The project consist of several directories, each holding part of the whole project.
Each directory hold the sources of either a shared library, a program or a process (daemon).
One directory (bin) holds all shared libraries and all executables.

Most of the directories already contain a sconscript file (named Sconstruct) which builds the directory's module (lib / executable) and put it in the bin directory.

Now I want to create one more sconscript - to rule them all..
In the parent directory I want a sconscript that builds all libraries and executables of the project, so that after I change a few sources here and there I can run scons from the parent directory and all affected modules will be re-built.

I tried a few ways, and they all failed.
I'm quite a noob in the scons business, and I susspect this is the root cause of my failures, but I'm sure this problem was solved many times by other, more experienced, developers - as the situation I described is quite common.

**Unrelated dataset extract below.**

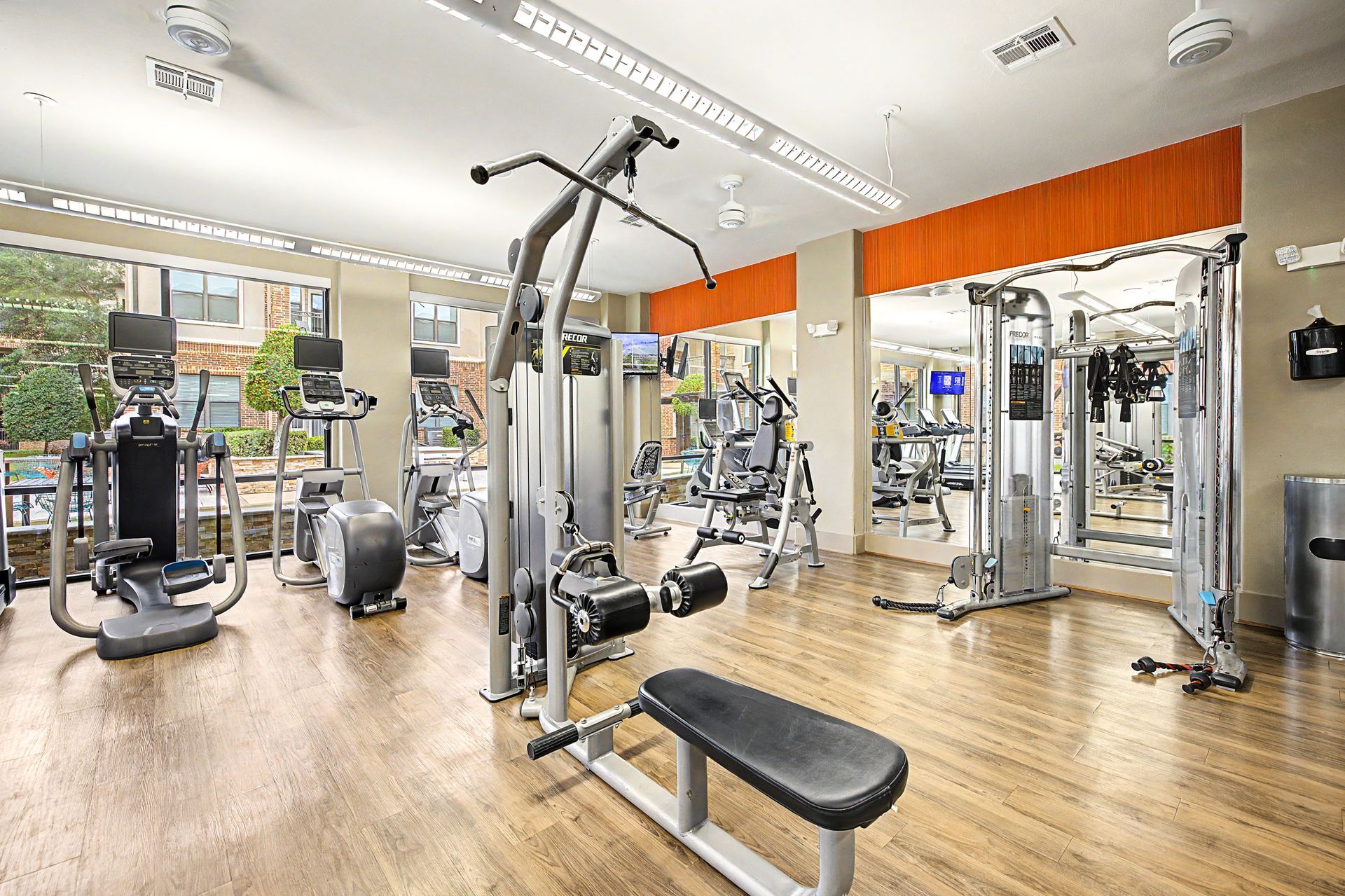 Bright modern gym with exercise machines, mirrors, and wooden flooring at Olympus Sierra Pines at The Woodlands, TX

So, any suggestions are welcomed!

EDIT:

My current Sconstruct in the parent directory looks like this:

import os  
env = os.environ  
Export('env', 'os')  

SConscript([  
'Server1_Dir/Sconstruct',  
'Server2_Dir/Sconstruct',  
'Server3_Dir/Sconstruct'  
])

The Sconstructs in the sub-directories (I know they should be called Sconscript) start with:

import os  
Import('env')  
home=env.get('HOME')  

So it seems to me that I'm using the same environment for all scripts, though I'm getting a lot of:

scons: warning: Two different environments were specified for target....  

warnings, which are unclear for me.
It's also worth noting that not all server-combinations in the main script yield these warnings - some may leave together peacefully, but not all.
It does seem to me that this is the right way to go, but I can't find a way to get rid of those warnings (and their root cause).

Thanks.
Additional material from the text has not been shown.